Tuesday 15 October 2013

The science of fiction

As well as writing books, I like to read a lot, not that I sometimes have time to read a lot, but that's another story. What I read is science fiction. Now, one of the themes of science fiction writing is looking (or at least attempting to look) into the future, trying to think what the world will be like in a few (or many) years time. I have a large library of paperback books going back to when I first got interested in reading such stuff way back in the 1960s and -70s. Reading some of the books written in the 1950s and -60s can make you laugh, despite the sometimes serious themes. For instance - everybody smoked, cigarettes or even pipes, even when the story is set hundreds of year into the future. Also, in said stories, the preferred method of data retrieval is usually an IBM punched card machine. You can't blame the writers, that was cutting edge technology when they were writing.
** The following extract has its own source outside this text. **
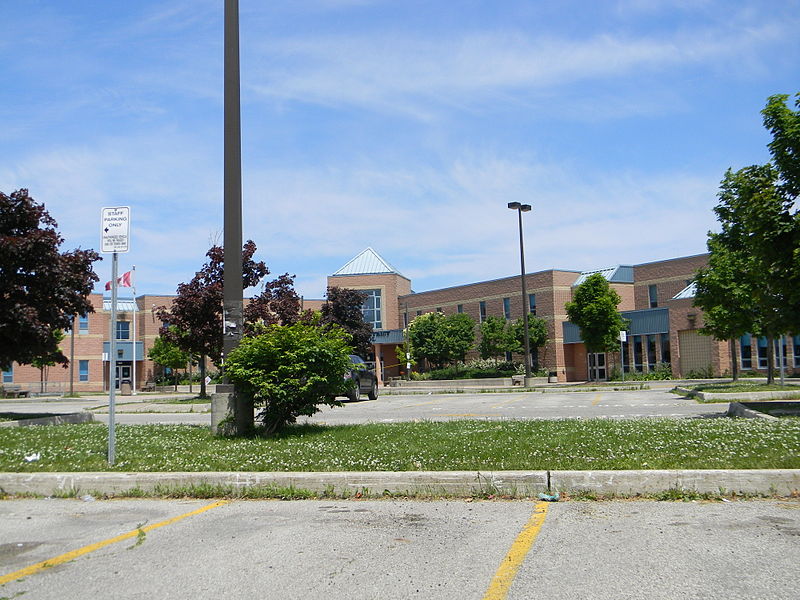 File:Waterdown's High School.jpg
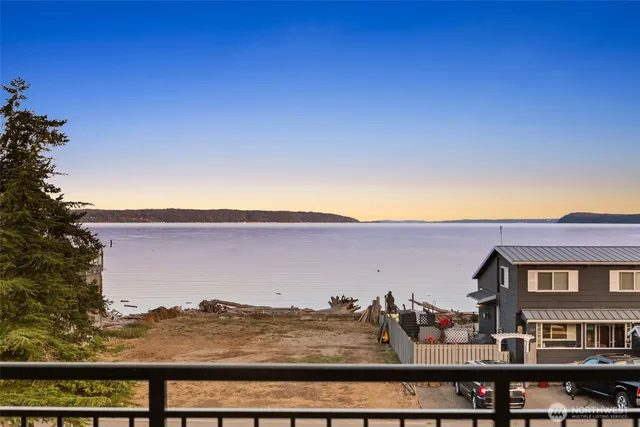 $1,275,000 | 169 East Driftwood Shores Road, Camano Island, WA 98282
The two way radio was a reality - but our ubiquitous mobile phone didn't feature at all. And as for cars - it seemed the only way to go forwards was to have a car that could fly as well as run on wheels. Can you imagine what that would like - today's volume of traffic in three dimensions, never mind two. There was one writer who liked to describe the car, the interior, not the exterior. When you actually visualise the vehicle, it would have been the size of a medium truck! And everyone had one of these monsters. Another problem is the writers use of the idioms of the day, the way people spoke in the 1950s, -60s, and -70s. Even now, 40 or 50 years later, the language seems archaic. This is a problem I'll face as I write books today. The only language I can use is that in use now, today. If people read my books in 40 or 50 years time they'll probably have a laugh, just as I do at my old paperbacks. Oh well, if it was easy, everybody'd do it.